- What is needed: Your answer must be one number: the count of lines below that include "Wall".

Short descriptive text snippets
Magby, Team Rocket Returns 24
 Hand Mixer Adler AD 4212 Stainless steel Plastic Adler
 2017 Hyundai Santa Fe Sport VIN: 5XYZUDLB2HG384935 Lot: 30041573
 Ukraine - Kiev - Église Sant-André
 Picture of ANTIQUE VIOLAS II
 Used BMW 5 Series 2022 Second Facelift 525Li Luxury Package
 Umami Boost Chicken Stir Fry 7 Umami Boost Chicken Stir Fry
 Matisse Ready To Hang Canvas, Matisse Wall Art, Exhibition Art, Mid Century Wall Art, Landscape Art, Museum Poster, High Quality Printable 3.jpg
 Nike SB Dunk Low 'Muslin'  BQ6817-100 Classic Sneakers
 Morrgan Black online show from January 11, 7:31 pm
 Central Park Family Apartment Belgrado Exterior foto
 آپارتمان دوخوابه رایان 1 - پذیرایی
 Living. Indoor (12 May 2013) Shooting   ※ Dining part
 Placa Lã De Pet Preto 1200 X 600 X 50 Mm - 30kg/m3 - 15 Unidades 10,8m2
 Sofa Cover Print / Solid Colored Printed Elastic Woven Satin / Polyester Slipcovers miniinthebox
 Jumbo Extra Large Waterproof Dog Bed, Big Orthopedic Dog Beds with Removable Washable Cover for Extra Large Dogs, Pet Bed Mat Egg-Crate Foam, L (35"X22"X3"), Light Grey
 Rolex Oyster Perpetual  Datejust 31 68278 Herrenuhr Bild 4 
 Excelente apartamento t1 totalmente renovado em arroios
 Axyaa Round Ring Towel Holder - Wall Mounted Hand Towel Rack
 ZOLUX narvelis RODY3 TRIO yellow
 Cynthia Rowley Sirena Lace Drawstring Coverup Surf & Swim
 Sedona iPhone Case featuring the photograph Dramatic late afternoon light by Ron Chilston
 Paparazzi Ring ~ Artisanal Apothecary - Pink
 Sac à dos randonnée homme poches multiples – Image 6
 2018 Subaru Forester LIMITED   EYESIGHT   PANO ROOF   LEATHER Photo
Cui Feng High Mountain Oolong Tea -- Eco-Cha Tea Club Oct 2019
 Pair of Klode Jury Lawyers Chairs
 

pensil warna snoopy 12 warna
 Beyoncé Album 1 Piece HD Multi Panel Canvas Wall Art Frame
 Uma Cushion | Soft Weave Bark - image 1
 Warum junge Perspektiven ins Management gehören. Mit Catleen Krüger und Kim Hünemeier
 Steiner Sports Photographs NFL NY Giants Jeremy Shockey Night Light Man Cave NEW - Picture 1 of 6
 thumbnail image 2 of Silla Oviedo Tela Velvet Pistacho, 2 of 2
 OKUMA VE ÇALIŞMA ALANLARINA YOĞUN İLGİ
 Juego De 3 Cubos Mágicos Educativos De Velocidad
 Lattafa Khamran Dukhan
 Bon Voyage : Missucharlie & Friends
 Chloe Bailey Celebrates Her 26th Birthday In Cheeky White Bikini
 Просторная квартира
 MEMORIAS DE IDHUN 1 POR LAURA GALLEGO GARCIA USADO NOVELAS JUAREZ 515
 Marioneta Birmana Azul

- Completed exercise: 3